Support for gay marriage has also systematically increased in recent years. The Pew Research Center has conducted since 2003 regular polls assessing support for gay marriage in the U.S.  In 2003, only 30% of Americans supported gay marriage while 62% opposed it. In 2012, 47% favored legalization and 43% opposed it.  Support for gay marriage is higher among younger and better educated Americans.  Thus, with generational replacement, opposition to same-sex marriage will continue to decline in future years.


However, the evolution of support for gay marriage has not been uniform across the U.S.  Conservative southern states continue to have solid majorities against gay marriage.  There are at thirteen states in the union with a solid majority against gay marriage. In ten other states—including Texas and Florida—the population is almost evenly split among supporters and opponents, though the younger population in those states is also more accepting of gay marriage. Thus, even if same-sex marriage will eventually have majority support in most states, for the next couple of decades several states will continue to have solid majorities staunchly opposed to gay marriage.

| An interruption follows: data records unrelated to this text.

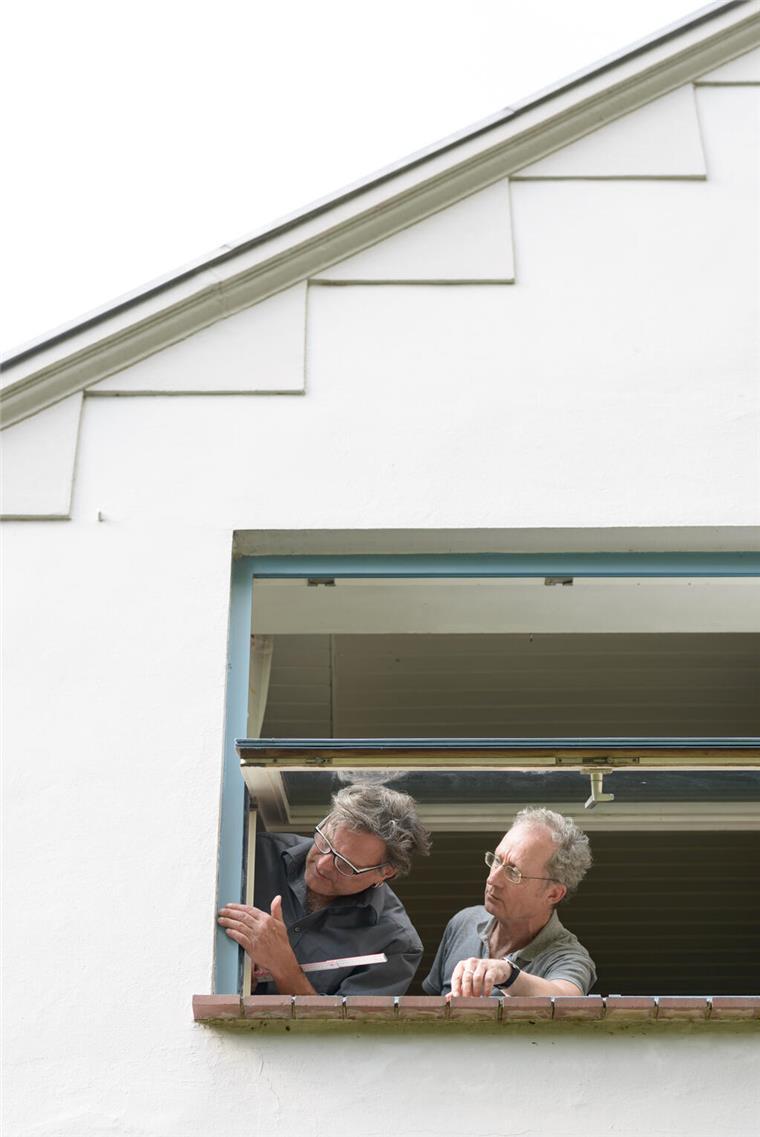Gefragter denn je: die Dämmvisite Zwei Männer gucken aus einem Fenster und schauen sich die Fensterdichtung genau an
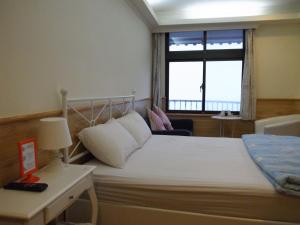 Phòng Deluxe Giường Đôi Nhìn Ra Biển Từ Phía Bên Cạnh (Deluxe Double Room with Side Sea View)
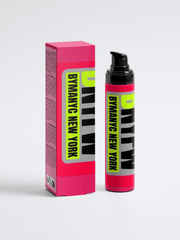 Pink bottle and packaging with 'BYMANYC NEW YORK' branding on a white background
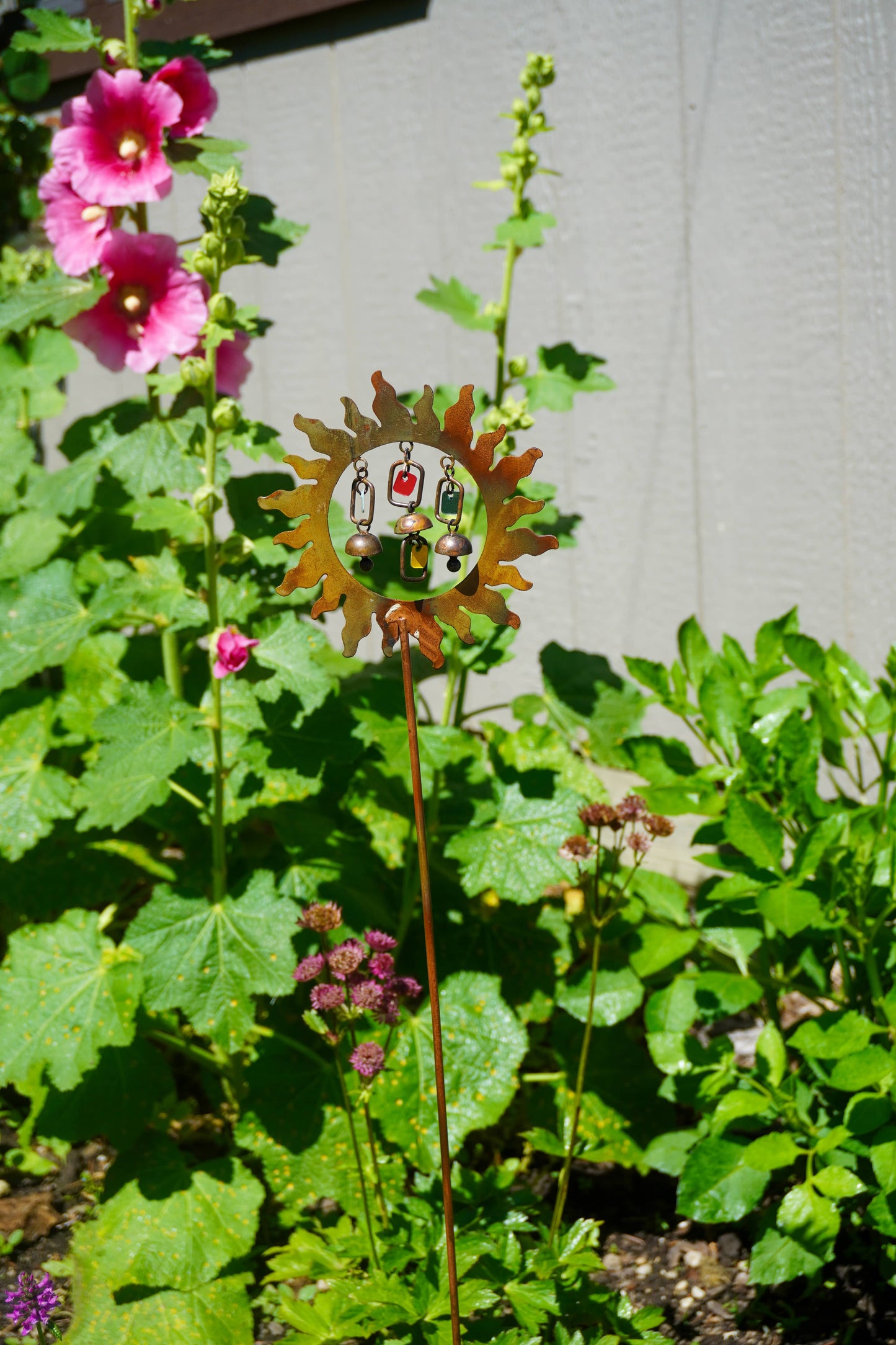 Decorative metal garden stake with sun design in a garden setting with pink flowers and green leaves.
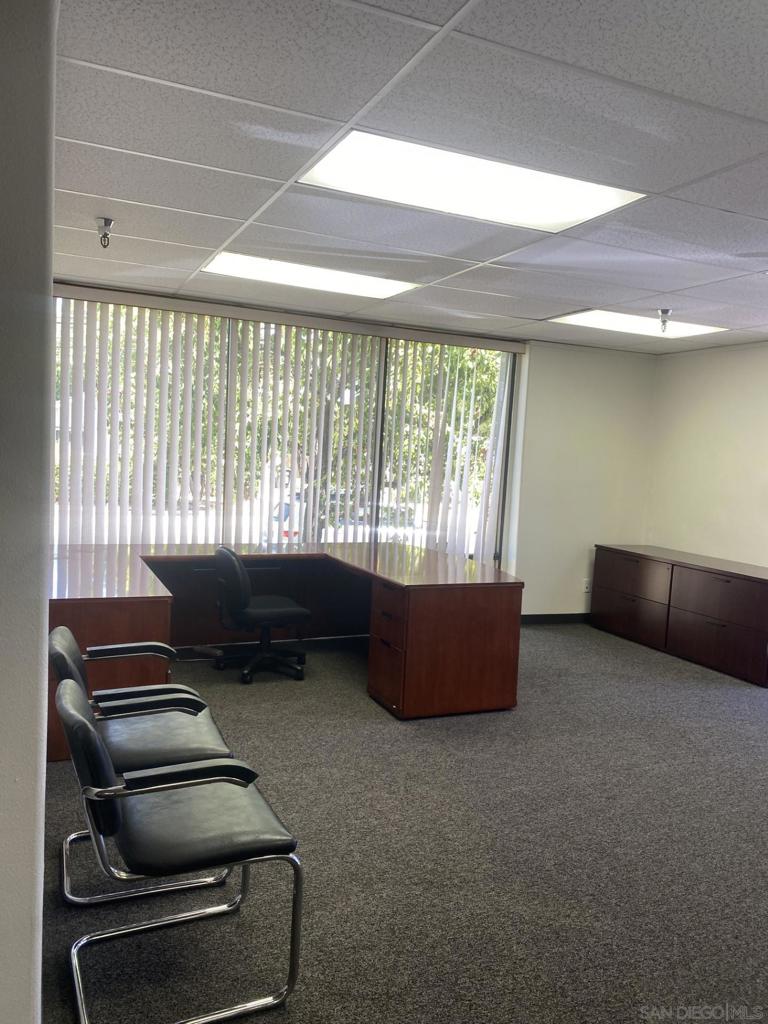 330 Rancheros Drive, Unit 258 San Marcos, CA 92069 - Photo 7 of 18 a living room with furniture and a floor to ceiling window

Las week, the U.S. Supreme Court heard two cases that have direct relationship with the debate over the constitutionality of banning same-sex marriages.  In addition to the case on the constitutionality of Proposition 8, the Supreme Court heard a case on the constitutionality of the Defense of Marriage Act (DOMA), a legislation passed in 1996 aimed at preventing the Federal Government from recognizing same-sex marriages. Decisions on both cases are expected in June.  Though conservatives are a majority in the court, most observers believe the court will issue narrow rulings in favor of gay marriage applicable to these two cases. But the court is not expected to rule on the larger question of the constitutionality of gay marriage.  The staunch opposition to gay marriage among many conservatives—and in several states—will dissuade the court from making a sweeping decision that will polarize the country.  The division over Roe v. Wade, the 1973 decision that ruled abortion constitutional has taught the court to be more cautious about taking sides on controversial issues. Besides, gay marriage is making its way to becoming the law of the land without the intervention of the court. 


The decision by several prominent Republicans to publicly express their support for gay marriage might seem as opportunistic.  Since it will likely become law in many other states soon, it is politically convenient for Republicans to drop their opposition to gay marriage. However, since many Republican leaders represent states where there is still strong opposition to gay marriage, not all Republicans in Washington agree on what is best for the party.  For them, opposition to same-sex marriage is still the dominant electoral strategy.


As the country prepares for a heated and intense debate on how fast same-sex marriage should become law in the remaining states when the Supreme Court issues its ruling in June, the Republican Party will find itself divided among those moderates who want to appeal to younger and more tolerant voters and those conservatives whose support base remains strongly opposed to same-sex marriage. Though nobody wants to be on the wrong side of history, many Republicans from conservative districts worry more about their re-election in 2014 than about how history will see them.